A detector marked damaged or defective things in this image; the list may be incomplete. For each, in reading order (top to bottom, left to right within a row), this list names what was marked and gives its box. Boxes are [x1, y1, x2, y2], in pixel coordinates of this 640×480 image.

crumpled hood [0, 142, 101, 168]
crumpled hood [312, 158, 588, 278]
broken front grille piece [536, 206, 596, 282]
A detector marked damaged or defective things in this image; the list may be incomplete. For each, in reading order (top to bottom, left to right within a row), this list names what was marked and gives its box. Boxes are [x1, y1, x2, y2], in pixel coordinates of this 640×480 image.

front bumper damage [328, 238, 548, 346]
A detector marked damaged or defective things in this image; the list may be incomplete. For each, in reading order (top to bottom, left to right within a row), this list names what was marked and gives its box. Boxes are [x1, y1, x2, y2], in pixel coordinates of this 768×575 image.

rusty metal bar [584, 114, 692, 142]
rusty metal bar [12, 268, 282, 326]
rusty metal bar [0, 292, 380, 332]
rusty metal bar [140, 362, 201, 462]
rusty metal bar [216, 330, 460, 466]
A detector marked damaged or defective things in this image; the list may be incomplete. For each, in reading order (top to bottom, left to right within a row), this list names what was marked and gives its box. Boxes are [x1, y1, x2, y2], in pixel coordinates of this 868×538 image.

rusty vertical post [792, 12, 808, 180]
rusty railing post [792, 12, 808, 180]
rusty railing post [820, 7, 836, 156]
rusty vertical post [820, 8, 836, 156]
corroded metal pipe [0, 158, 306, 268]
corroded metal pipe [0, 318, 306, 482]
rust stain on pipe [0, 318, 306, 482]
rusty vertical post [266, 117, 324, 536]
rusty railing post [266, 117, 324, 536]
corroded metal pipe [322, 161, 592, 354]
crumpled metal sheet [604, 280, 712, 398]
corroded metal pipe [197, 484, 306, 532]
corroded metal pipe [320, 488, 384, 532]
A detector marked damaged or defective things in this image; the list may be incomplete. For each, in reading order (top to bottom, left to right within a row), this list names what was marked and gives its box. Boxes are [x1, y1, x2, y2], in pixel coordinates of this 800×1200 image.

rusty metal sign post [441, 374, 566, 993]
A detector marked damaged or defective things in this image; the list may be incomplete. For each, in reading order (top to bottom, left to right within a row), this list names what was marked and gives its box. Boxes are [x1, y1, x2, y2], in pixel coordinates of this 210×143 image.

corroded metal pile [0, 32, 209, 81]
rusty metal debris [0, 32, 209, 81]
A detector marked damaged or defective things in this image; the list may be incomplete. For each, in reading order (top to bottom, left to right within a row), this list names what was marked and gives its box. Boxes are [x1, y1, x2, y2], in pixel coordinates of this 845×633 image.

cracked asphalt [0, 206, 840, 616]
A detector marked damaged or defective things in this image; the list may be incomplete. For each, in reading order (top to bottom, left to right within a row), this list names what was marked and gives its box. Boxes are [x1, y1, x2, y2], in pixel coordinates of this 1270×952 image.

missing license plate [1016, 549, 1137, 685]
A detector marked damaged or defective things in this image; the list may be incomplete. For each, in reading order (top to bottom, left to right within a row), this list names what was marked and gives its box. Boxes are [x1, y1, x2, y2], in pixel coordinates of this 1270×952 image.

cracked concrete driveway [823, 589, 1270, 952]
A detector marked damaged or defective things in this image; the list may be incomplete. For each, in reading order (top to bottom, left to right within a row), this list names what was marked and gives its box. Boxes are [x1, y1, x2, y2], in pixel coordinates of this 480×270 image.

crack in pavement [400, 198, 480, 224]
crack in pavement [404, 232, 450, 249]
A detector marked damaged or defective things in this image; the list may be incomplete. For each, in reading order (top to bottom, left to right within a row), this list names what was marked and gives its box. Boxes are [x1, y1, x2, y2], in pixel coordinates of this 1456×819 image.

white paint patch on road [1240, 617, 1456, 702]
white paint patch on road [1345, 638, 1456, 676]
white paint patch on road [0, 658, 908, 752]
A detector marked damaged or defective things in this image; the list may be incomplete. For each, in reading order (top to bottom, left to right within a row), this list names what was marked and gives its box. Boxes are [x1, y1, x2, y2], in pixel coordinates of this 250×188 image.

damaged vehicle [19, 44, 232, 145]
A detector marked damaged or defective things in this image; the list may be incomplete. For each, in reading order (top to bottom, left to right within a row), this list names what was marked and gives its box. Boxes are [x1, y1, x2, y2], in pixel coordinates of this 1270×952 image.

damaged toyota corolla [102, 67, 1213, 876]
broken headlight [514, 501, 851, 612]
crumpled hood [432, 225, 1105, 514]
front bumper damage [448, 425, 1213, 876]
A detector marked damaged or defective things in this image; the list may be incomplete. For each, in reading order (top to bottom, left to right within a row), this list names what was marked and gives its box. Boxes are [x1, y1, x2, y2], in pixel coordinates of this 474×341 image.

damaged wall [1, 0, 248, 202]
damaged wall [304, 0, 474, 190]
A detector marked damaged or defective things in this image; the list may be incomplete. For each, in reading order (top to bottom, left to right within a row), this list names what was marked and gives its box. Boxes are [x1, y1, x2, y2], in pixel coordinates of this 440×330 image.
------------------------------------------------------------------------
Work to complete:
Exactly reproduce the lines that run from the line with "this 474×341 image." through the last line of the records, inclusive.

Output for this exercise:
A detector marked damaged or defective things in this image; the list may be incomplete. For each, in reading order (top to bottom, left to right within a row), this list names what was marked and gives its box. Boxes are [x1, y1, x2, y2], in pixel coordinates of this 474×341 image.

damaged wall [1, 0, 248, 202]
damaged wall [304, 0, 474, 190]
A detector marked damaged or defective things in this image; the list may be incomplete. For each, in reading order (top to bottom, left to right within a row), this list names what was marked and gives its box. Boxes are [x1, y1, x2, y2], in pixel coordinates of this 440×330 image.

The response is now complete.